General characteristics
- Class & type: Fletcher-class destroyer
- Displacement: 2,325 tons (standard); 2,924 tons (full load);
- Length: 369 ft 1 in (112.50 m) waterline; 376 ft 5 in (114.73 m) oa;
- Beam: 39 ft 7 in (12.07 m)
- Draft: 13 ft 9 in (4.19 m) (full load)
- Propulsion: 60,000 shp (45,000 kW); experimental high pressure boilers; 2 geared steam turbines; 2 screws
- Speed: 35 knots (65 km/h; 40 mph)
- Range: 6,500 nmi (12,000 km) at 15 kt
- Complement: 70
- Armament: 5 × 5 inch (127 mm)/38 caliber guns; 1 × quad 1.1-inch (28 mm) autocannon mount; 4 × 20 mm guns; 10 × 21 inch (533 mm) torpedo tubes;
- Armor: Side: 0.75 inch (19 mm); Deck over machinery: 0.5 inch (12.7 mm);

= USS Percival (DD-452) =

Canceled Fletcher-class destroyer

USS Percival (DD-452) was an experimental United States Navy destroyer who was never laid down and cancelled in 1946.

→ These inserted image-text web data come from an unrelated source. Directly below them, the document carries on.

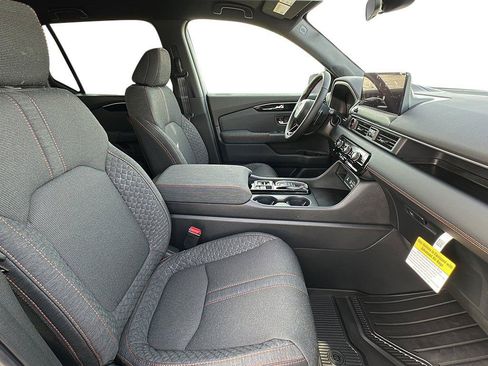 New 2026 Honda Pilot Sport image 28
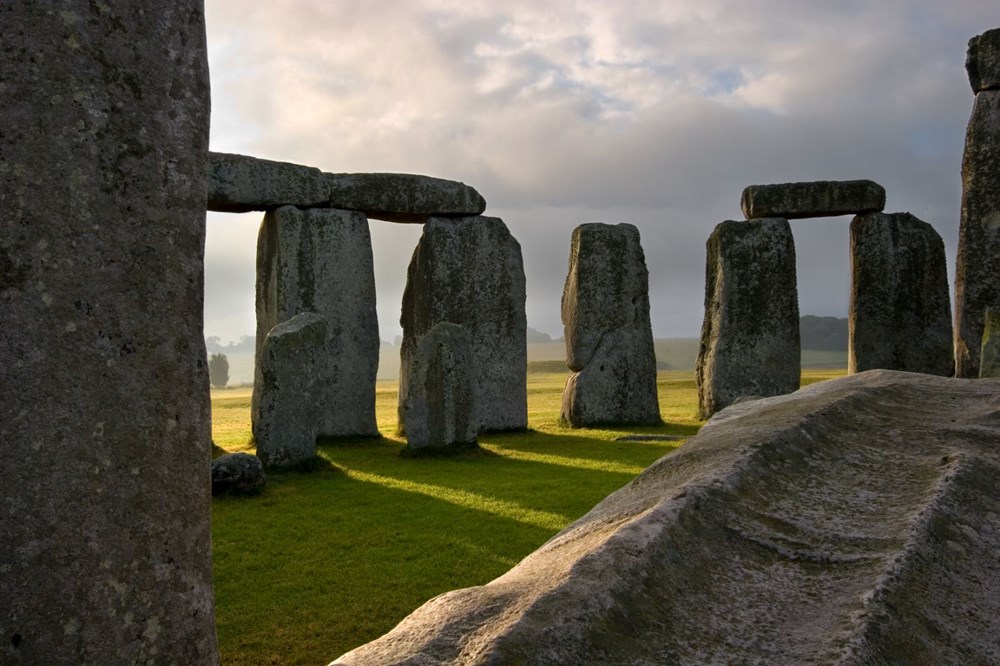 Tarih yeniden yazılıyor: Stonehenge’in kaynağı değişti!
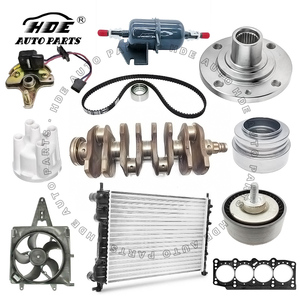 HDE AUTO PARTS OE 90919-01191 Bujía Nueva con Garantía de 12 Meses para Toyota Land Cruiser - Product Image 5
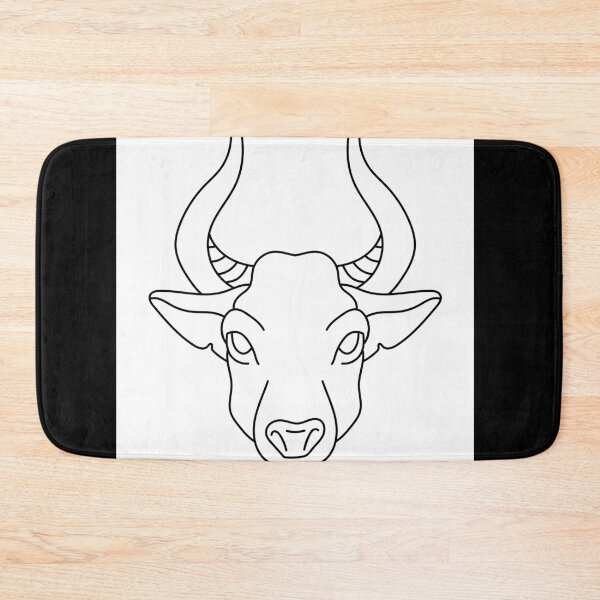 Item preview, Bull fresh t-shirt designed and sold by AllstarwireShop.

Percival and sistership Watson were planned to be a variation of the , with Percival fitted with an experimental high-pressure boiler system and Watson designed to run on diesel engines, compared to the standard design of 4 oil-burning boilers.

She was contracted out to Federal Shipbuilding on 1 July 1940. Like her sistership, more pressing matters delayed their construction and were both canceled on 7 January 1946. After cancelation, her novel machinery was installed in USS Timmerman, a modified Gearing-class destroyer, for testing. Timmerman was able to produce 100,000 shaft horsepower (shp) and a top speed of about 40 knots compared to a standard output of 60,000 shp.